Credit: Sophia Dagnello, NRAO/AUI/NSF; NASA, STScI
A black hole by its own intrinsic nature has an extremely strong gravitational attraction and the intensity of which is primarily decided by mass as well as the nature of the astrophysical object that was crushed to form the respective black hole. In other words, the gravitational pull of a black hole is directly proportional to mass. Although the initial formation of a black hole results in a fixed mass, which principally depends on the mass of a star during its end stage, it continually grows in size by devouring stellar systems and other astrophysical objects floating in its vicinity.
Moreover, considering the black hole area theorem propounded by Hawking, the overall area of a black hole can never decrease so considering the classical scenario wherein it merges with another black hole, the area would always increase as the two black holes would form a single unified astrophysical entity [1, 2]. This is another way to signify the growth of black holes.
Now in a recent set of events named AT2022dsb, astronomers handling the Hubble space telescope have observed an area of gas surrounding a black hole situated in the galaxy ESO 583-G004 which is roughly about 300 million light-years away from Hubble’s location in space. Spectroscopic data suggests that this area of gas essentially resembles a torus and is the relic of a star that had been devoured by the black hole.
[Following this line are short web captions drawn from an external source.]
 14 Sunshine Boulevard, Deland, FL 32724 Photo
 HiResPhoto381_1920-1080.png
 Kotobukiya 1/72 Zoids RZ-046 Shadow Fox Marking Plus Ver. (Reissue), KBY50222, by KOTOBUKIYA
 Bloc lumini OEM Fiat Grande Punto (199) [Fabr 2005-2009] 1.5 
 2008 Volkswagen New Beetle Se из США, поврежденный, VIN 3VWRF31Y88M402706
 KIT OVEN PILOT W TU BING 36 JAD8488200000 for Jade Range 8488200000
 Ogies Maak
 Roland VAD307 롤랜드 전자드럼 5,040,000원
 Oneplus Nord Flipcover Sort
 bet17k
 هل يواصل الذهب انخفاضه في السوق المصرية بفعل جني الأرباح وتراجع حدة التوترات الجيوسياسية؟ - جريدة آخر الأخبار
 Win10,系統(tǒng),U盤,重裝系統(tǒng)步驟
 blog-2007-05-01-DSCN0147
These gaseous remnants of the star would ultimately collapse into the black hole and become part of its physical content.
Due to the phenomenal distance between Hubble and the detected star, the exact determination of the properties is difficult but thanks to Hubble’s ultraviolet sensitivity technique, the researchers were able to estimate the spectroscopy of the shredded star and ascertain its elemental composition.
Technically, an event wherein a stellar system approaches close enough to a supermassive black hole so as to get devoured by it and initiate the process of spaghettification is called a tidal disruption event (TDE). The latest observation is also an example of TDE, a phenomenon first theorized by the likes of Brandon Carter and others in the early 80s.
One can also not ignore the fact that radiation comes out of the black hole in the form of jets from the accretion disk, throwing enormous amounts of matter into the intervening space. However, the gravitational pull balances this out to a great extent thus the black hole system remains in equilibrium.
Accretion disk of a black hole is essentially known for rotating stellar material inside as well as spewing jets of matter into the interstellar medium. Uniquely, in the latest observation it was seen that radiation is accumulated around the disk of the black hole in such a way that it assumes a doughnut-like or torus shape. Figure below gives a rough sketch (in stages) of a black hole swirling and eating up contents of a nearby stellar system.
This sequence of artist's illustrations shows how a black hole can devour a bypassing star. 1. A normal star passes near a supermassive black hole in the center of a galaxy. 2. The star's outer gasses are pulled into the black hole's gravitational field. 3. The star is shredded as tidal forces pull it apart. 4. The stellar remnants are pulled into a donut-shaped ring around the black hole, and will eventually fall into the black hole, unleashing a tremendous amount of light and high-energy radiation. Source: NASA, ESA, Leah Hustak (STScI)
The work of mathematical physicists Roger Penrose and Stephen Hawking has successfully established that black holes are a robust prediction of Einstein’s general theory of relativity. The domain of black hole physics forms an appealing aspect of physicist Nassim Haramein’s work as well. Interestingly, he discovered a new solution to Einstein’s general relativity by incorporating the dynamics of spin (torque and Coriolis forces) into the field equations . In his model, space-time is itself curling at all the scales and this curling is the source of spin from the microscopic to the cosmological scales, the reason why all black holes would rotate according to his theory. Furthermore, his holofractographic model also suggests that the structure of a black hole is more like a torus, allowing information to collapse and expand from the central singularity.
Now in view of the latest observations from the Hubble telescope, it is explicit that the data further supports and gives a lot of weight to Nassim’s insights on black holes. In fact, according to Nassim’s theories, the dynamics of black holes replicate a dual torus structure and the recent observations can perhaps be integrated coherently with this proposal.
Moreover, a coherent formulation of the available data on black hole accretion, TDEs, and the dual torus model could reveal many exciting and unprecedented facets of black hole physics. This unified perspective as part of the generalized holographic model can in turn resolve problems about black holes that currently are nothing less than a tragedy for standard cosmological models.
 S. W. Hawking, Gravitational Radiation from Colliding Black Holes, Phys. Rev. Lett. 26, 1344 (1971).
 J. M. Bardeen, B. Carter & S. W. Hawking, The four laws of black hole mechanics, Communications in Mathematical Physics 31, 161–170 (1973)
 Haramein, N., and Rauscher, E. A. (2005). The origin of spin: A consideration of torque and Coriolis forces in Einstein’s field equations and grand unification theory. Beyond The Standard Model: Searching for Unity in Physics, 1, 153-168.